The output does steadily decline, but remains over 1000lm for 1.5 hours and due to the size of the head never runs overly hot.



In The Lab

NEW for Winter 2012 _ANSI standards include maximum beam range. This is the distance at which the intensity of light from an emitter falls to 0.25lux (roughly the same as the lux from a full moon). This standard refers only to the peak beam range (a one dimensional quantity), so I am expanding on this and applying the same methodology across the entire width of the beam. From this data it is possible to plot a two-dimensional ‘beam range profile’ diagram which represents the shape of the illuminated area.

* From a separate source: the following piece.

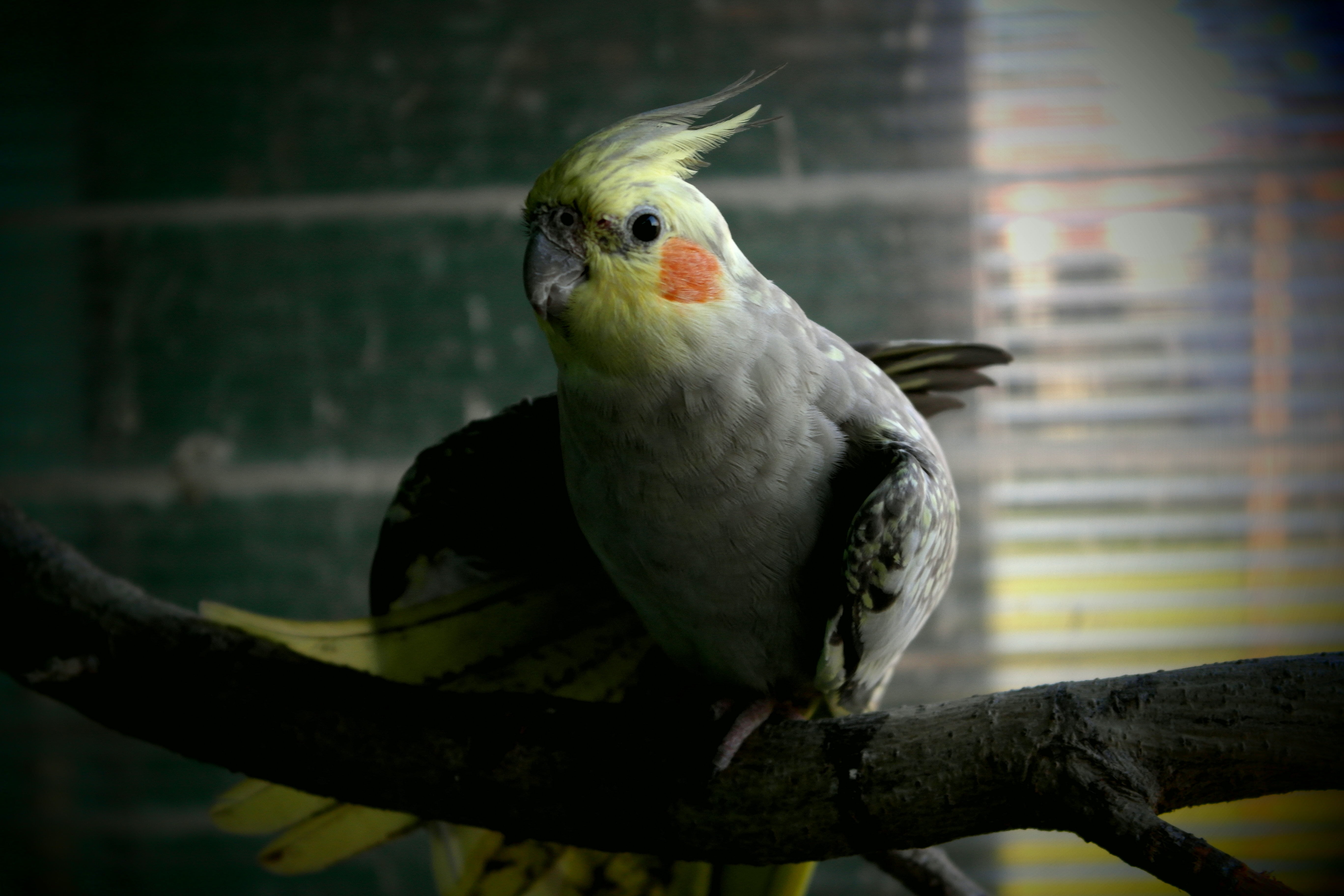 bird, animal, parrot, perching, tree, nature, animal themes, full length, outdoors, branch, beak, one animal, cockatiel, animal wildlife, plant, focus on foreground, HD Wallpaper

In order to accurately capture this information a test rig was constructed which allows a lux meter to be positioned 1m from the lens and a series of readings to be taken at various angles out from the centre line of the beam. As the rig defines a quadrant of a circle with a radius of 1m, all the readings are taken 1m from the lens, so measuring the true spherical light intensity. The rig was designed to minimise its influence on the readings with baffles added to shield the lux meter from possible reflections off the support members.

The distance of 1m was chosen as at this distance 1lux = 1 candela and the maximum beam range is then calculated as the SQRT(Candela/0.25) for each angle of emission.

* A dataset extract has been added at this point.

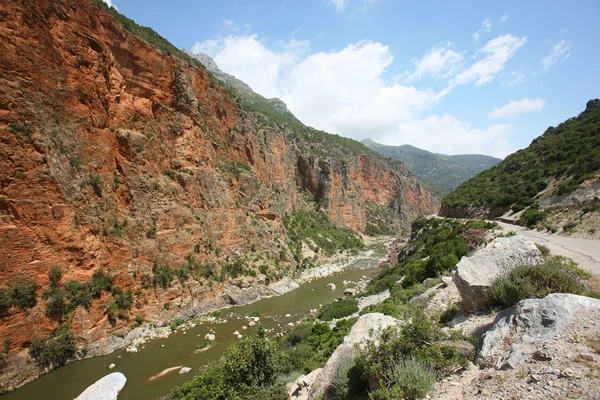 stock image Small river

In this plot, the calculated ANSI beam ranges are plotted as if viewed from above (for some lights there may also be a side view produced) using a CAD package to give the precise 'shape' of the beam._


Starting with the 5m range grid you get an idea of the broad spread of light pushing forward into the distance.

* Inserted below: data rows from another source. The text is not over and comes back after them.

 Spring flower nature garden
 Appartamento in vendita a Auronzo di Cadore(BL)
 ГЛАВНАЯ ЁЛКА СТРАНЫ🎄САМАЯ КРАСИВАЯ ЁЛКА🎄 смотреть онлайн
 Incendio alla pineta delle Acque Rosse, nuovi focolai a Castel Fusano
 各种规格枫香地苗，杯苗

Then zooming out to the 50m range grid showing the extent of the beam’s range. Even with the broad beam and wide hotspot, the ANSI beam range still reaches 300m.








The beam

The indoor beam shot shows the wide beam with round large hotspot and the relative lack of multi-emitter artefacts at the outer edges of the spill.







Now going outdoors, to put things in perspective, this is the TK41 (my frequently used reference light due to its well-known excellent performance).






And on the same exposure setting the Raging!








What it is really like to use…

Including a handle in the design of the Raging makes a real difference to regular use of this light. The handle makes it easy and comfortable and even large hands don’t feel cramped.

The clicky tail switch combined with the size of this light make it a two handed operation design, but the complete lack of parasitic drain (due to this switch), without having to unscrew the body to lock it out, somewhat makes up for this.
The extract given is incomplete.